Let me introduce by saying that I believe the result of “Fantastic bits” is fair, with the top4 being Magus > reCurse > (pb4 and Neumann).
This post is not made to discuss the exact result of the contest : it is intended to discuss the procedure.
- Approx. 100 games are played by each AI when they are submitted.
- After those 100 games, the AI’s score has generally come to a stable point, and oscillates around that point.
- A re-run procedure was used where each AI plays a big number of BO5 games.
- During that re-run, every top AI’s score has continually increased
A bit of history :
- It is the nature of TrueSkill that the score fluctuates with each win and each loss.
- A re-run procedure was designed after STC, where the score would gradually stabilize by computing its average value over a number of games.
- The assumption when proposing that re-run procedure was that the scores would have already stabilized close to their equilibrium point, and the average computation would simply compensate for fluctuations around this equilibrium.
- A document was provided by _anst simulating the positive effect of the re-run procedure.
Of win/loss ratios :
- This is not exactly the case, but let’s simplify by saying that a 55% win/loss ratio between two players is roughly 1 point score difference.
- If there is a 55% w/l ratio between two players in BO1, then there is a 60% w/l ratio between those two players in BO5. (the figures are not exact, I haven’t taken the time to make the exact calculation)
- When switching to a BO5 system, the w/l ratio difference between players is amplified, and the score difference reflects this.
- We have indeed observed that the top AI’s scores have continually increased during the re-run.
My question today is : does it make sense to switch to BO5 for the re-run ?
To me, the only reason to use a BOx format is when there is no averaging of the results, such as direct elimination tournaments. If Codingame can launch 2005 games for a re-run, I do believe it would be better to use 1000BO1 results instead of 200*BO5 results.
- 150 matches were made in legend each submit.
I’ll would prefer 333*BO3.
A lot of games are quite random and you can easily lose a game with an early move; even if you have an overall better gameplay.

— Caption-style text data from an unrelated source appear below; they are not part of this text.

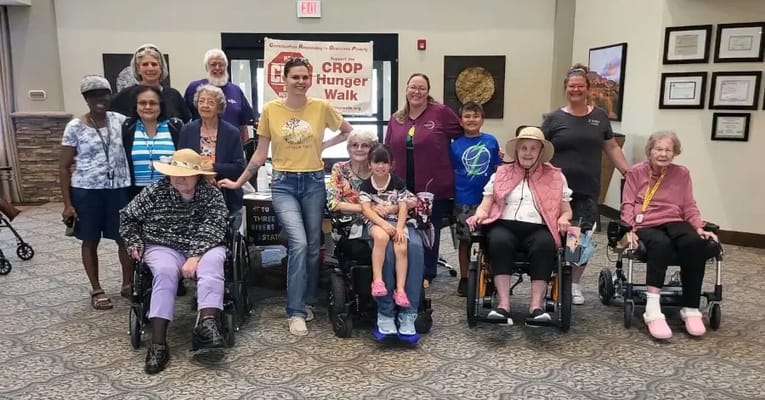 Residents and staff gathered for a group photo during an event
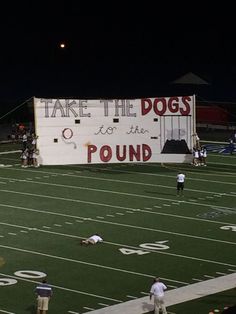 a football field with people on it and a sign that says take the dogs to the pound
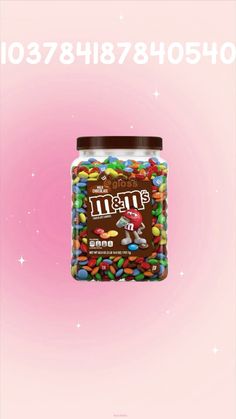 a jar filled with lots of candy on top of a pink background and the words m & m written above it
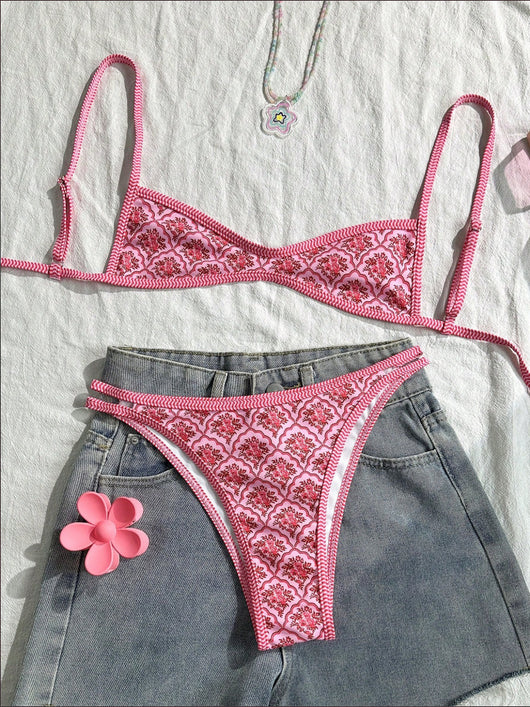 Black bandeau bikini swimsuit with thin straps and a gold-toned abstract ring detail on the top, paired with matching string bottoms. - Image 21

Point taken, it’s 150 not 100.
Regarding the proposal to use BO3, I disagree with the “random” argument. TrueSkill + averaging is already fully capable of dealing with the randomness of results.
Switching from BO1 to BO3 or BO5 adds a dynamic element which I am not sure anybody fully understands.

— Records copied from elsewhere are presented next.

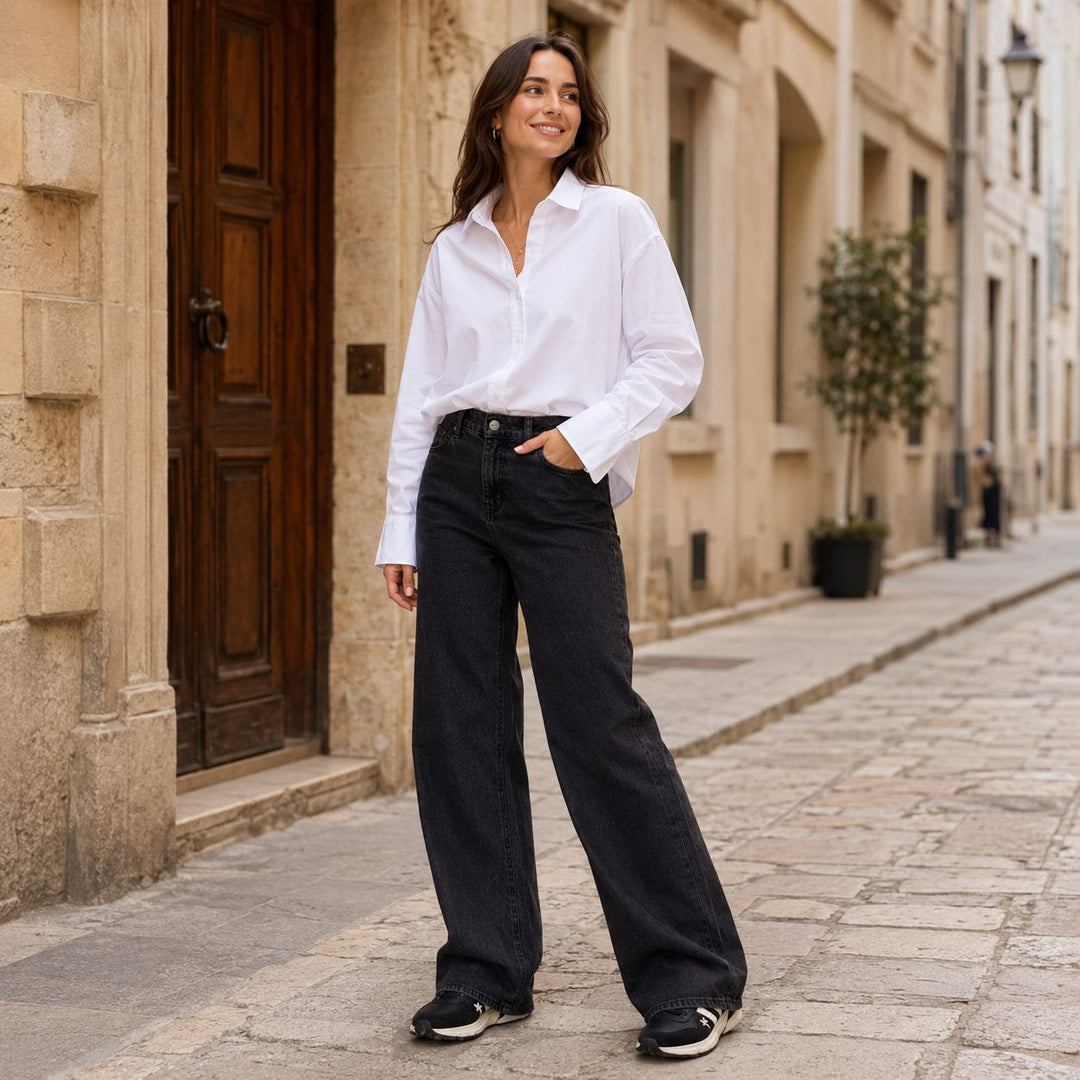 Emotions Oversize Bluse in Weiss, kombiniert mit schwarzer THE.NIM Jeans und Premiata Sneakern auf dem Gehsteig einer Strasse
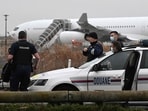 French customs officers stand next to a customs car with an Airbus A340 in the background which was grounded on the tarmac since December 21 over suspected "human trafficking", at the Vatry airport. French customs officers stand next to a customs car with an Airbus A340 in the background which was grounded on the tarmac since December 21 over suspected "human trafficking", at the Vatry airport.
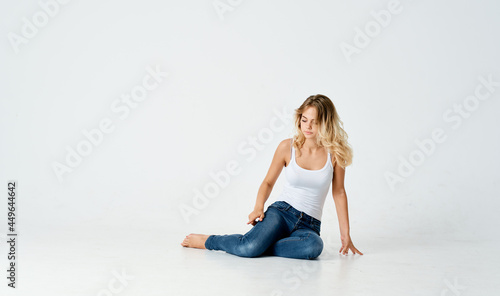 woman sitting on floor barefoot basing lifestyle isolated background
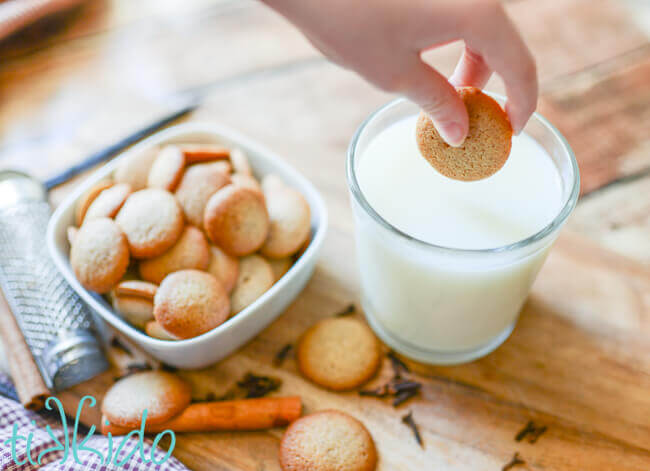Pumpkin Spice Vanilla Wafer Cookies being dunked in a glass of milk.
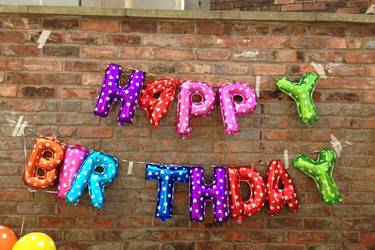 Ballons an einer Wand die "Happy Birthday" darstellen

Rating based systems and BOx plays are redundant and possibly damaging.
Calculating ratings for BO1 is different than calculating ratings for BO3 or BO5. Those yield different final ratings and possibly rankings.
I didn’t know it was being used in re-runs at all. Have you done any measurement which shows it helps in any way to switch to BO5?
I think the best argument is: Is there any advantage to BO5?
Personally I don’t see it.
Prepare to see ugly graphs, because I don’t know how to use OpenOffice
Here is some historical data taken during the CodeBusters contest. Each line corresponds to one player in the top 20. CodeBusters is the first contest when the BO5 procedure was used.
The abscissae is the nth time at which the screenshot was taken. For example, abscissae #20 means it is the 20th time I took a screenshot of the leaderboard this evening. I took screenshots regularly from 7:40PM to 11:05PM.
The ordinate is the score given for that person on the leaderboard.
One can compare two things :
- The final score obtained by the AIs at the end of the graph.
- The average score obtained by these AIs during the transient conditions.
(that’s the graph below)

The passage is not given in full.